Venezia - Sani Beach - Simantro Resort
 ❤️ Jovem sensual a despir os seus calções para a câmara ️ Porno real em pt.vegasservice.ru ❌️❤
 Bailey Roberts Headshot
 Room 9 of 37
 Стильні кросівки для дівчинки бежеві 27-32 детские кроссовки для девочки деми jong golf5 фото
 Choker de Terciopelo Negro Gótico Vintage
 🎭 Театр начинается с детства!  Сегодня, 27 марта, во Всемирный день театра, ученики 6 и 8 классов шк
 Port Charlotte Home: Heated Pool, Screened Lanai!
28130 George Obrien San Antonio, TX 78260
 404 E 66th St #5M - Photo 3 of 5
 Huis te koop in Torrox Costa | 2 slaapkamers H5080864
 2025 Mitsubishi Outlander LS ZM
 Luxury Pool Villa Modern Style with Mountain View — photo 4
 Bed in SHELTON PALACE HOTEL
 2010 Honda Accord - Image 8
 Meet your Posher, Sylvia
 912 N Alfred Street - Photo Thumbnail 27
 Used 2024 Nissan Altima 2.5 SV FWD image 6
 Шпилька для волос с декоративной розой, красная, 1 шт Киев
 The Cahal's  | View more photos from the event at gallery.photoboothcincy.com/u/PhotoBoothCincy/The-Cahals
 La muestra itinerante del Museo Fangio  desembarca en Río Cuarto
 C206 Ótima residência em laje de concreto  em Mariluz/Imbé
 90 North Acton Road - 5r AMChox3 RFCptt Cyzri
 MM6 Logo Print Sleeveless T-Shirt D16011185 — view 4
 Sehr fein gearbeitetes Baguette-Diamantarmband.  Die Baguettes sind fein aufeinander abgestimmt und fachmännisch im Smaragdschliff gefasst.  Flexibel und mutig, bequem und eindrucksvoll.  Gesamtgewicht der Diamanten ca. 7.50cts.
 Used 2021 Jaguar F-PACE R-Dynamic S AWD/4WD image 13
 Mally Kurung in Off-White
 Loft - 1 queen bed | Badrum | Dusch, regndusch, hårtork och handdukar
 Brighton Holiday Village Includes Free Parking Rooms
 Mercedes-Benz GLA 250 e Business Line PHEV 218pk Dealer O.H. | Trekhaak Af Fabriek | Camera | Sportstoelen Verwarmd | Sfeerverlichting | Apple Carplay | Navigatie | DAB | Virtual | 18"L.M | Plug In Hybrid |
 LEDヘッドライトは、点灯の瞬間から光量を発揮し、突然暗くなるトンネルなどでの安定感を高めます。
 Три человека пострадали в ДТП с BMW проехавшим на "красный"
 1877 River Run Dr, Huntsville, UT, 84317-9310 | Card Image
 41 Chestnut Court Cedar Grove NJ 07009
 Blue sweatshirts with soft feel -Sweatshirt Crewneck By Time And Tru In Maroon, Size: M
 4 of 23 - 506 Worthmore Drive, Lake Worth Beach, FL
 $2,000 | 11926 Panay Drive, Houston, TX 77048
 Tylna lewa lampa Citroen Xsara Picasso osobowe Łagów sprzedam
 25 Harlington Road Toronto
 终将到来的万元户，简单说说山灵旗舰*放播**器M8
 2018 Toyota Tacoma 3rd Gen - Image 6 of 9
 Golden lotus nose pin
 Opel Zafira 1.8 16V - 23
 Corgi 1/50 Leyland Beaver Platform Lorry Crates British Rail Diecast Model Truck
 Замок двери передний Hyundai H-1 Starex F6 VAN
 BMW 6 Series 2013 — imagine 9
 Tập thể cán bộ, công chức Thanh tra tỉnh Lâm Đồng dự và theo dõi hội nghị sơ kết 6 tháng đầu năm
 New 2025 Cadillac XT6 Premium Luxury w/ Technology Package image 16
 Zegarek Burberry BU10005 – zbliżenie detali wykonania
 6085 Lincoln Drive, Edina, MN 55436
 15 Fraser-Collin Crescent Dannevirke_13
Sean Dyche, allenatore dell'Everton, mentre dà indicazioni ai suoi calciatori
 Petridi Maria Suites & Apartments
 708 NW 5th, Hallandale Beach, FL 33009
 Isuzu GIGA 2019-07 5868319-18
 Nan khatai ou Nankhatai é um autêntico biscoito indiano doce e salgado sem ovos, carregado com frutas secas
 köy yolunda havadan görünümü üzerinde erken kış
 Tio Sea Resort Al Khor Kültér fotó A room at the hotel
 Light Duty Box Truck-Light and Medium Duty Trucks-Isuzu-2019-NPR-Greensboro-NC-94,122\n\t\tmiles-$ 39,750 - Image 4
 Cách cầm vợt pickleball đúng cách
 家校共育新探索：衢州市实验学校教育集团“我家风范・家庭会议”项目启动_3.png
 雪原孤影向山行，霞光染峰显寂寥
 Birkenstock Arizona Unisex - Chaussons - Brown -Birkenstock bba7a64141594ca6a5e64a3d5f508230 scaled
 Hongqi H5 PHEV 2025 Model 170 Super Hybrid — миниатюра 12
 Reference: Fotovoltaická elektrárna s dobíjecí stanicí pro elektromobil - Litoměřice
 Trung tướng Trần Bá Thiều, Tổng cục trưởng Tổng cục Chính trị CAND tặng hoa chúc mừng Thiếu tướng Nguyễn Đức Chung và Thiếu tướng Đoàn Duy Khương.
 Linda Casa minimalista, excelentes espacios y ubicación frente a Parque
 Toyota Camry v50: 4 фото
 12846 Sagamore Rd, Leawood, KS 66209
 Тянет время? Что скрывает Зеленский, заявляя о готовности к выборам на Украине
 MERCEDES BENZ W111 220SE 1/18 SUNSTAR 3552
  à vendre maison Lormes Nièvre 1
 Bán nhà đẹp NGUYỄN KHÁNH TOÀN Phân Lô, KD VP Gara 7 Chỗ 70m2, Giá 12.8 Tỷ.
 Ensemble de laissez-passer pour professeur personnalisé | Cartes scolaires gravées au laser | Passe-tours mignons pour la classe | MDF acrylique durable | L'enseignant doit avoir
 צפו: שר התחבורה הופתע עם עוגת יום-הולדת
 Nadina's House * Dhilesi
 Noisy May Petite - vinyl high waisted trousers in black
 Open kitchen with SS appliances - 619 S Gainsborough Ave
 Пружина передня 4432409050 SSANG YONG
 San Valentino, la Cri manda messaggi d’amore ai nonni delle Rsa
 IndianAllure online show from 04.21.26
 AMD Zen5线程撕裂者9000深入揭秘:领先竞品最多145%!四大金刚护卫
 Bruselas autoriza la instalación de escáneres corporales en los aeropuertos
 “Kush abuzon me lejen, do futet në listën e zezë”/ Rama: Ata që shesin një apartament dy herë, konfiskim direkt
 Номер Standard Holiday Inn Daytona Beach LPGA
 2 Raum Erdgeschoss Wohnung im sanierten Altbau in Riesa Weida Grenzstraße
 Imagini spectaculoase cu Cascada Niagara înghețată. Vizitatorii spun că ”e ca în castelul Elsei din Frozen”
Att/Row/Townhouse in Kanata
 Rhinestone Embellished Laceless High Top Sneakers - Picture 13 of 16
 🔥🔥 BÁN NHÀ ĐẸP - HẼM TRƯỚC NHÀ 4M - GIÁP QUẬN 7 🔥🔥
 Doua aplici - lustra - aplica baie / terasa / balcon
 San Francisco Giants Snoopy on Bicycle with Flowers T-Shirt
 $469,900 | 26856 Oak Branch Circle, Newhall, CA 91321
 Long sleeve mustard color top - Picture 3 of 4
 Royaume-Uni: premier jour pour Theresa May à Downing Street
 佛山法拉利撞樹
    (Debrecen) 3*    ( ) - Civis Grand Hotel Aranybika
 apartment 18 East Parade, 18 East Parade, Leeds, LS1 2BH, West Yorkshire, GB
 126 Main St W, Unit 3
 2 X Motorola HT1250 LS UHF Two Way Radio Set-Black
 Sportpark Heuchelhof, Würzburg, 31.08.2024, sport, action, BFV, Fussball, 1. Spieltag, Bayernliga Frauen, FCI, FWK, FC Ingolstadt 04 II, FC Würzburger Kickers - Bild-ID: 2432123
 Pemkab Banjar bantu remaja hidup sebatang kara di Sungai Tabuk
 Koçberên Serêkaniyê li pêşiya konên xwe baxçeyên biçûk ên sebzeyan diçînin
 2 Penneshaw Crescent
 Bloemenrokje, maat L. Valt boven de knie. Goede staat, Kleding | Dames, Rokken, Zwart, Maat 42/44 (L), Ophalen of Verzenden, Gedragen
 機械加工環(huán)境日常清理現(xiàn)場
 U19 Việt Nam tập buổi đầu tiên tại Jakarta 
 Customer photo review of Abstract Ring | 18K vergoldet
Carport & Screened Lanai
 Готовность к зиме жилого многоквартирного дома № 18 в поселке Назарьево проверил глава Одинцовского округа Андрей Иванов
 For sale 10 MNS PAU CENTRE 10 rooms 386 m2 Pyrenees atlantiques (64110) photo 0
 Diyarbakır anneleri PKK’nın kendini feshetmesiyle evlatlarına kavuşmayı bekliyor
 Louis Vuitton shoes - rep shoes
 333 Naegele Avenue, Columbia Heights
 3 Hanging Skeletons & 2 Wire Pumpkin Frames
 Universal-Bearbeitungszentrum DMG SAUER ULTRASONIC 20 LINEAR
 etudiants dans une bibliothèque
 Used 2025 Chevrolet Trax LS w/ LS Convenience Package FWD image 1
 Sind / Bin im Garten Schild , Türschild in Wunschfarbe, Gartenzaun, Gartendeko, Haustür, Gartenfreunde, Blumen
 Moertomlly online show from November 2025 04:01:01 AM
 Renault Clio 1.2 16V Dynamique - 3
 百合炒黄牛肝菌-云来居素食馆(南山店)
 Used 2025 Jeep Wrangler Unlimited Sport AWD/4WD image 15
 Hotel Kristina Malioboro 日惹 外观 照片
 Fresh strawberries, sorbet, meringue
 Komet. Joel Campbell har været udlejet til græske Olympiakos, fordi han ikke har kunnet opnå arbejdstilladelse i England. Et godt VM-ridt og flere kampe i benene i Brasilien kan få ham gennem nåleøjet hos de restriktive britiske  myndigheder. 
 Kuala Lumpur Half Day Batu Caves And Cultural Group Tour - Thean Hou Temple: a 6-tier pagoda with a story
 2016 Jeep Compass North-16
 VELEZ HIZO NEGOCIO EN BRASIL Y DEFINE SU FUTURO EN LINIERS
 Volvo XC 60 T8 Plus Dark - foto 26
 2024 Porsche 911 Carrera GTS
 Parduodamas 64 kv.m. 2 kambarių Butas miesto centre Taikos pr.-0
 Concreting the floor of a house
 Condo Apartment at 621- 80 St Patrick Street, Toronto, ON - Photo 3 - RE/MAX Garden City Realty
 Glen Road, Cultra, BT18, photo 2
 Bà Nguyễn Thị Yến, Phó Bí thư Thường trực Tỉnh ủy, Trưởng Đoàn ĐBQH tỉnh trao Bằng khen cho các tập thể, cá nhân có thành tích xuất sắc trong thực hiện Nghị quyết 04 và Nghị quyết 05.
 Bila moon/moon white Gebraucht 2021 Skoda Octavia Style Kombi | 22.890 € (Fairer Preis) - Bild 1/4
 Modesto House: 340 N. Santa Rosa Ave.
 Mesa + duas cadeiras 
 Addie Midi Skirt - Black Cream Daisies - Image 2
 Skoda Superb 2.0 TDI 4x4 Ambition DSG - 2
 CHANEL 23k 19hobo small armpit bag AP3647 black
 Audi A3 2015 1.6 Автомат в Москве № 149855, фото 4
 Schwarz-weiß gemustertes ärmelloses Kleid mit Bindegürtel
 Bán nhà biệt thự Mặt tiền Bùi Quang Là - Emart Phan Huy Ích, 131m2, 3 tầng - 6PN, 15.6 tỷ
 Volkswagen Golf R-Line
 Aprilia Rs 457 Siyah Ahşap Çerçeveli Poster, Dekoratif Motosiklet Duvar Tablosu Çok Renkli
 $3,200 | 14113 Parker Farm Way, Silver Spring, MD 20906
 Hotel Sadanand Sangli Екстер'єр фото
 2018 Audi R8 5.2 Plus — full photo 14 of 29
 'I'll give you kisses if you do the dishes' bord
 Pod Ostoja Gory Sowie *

^^^^^^^^^^^^^^^^

> **TASK STATEMENT**
In the listing above, find the line holding "4 of 23 - 506" and the line holding "终将到来的万元户，简单说说山灵旗舰*放播**器M8", then output those two lines and every line between them exactly.

> **EXERCISE RESULT**
 4 of 23 - 506 Worthmore Drive, Lake Worth Beach, FL
 $2,000 | 11926 Panay Drive, Houston, TX 77048
 Tylna lewa lampa Citroen Xsara Picasso osobowe Łagów sprzedam
 25 Harlington Road Toronto
 终将到来的万元户，简单说说山灵旗舰*放播**器M8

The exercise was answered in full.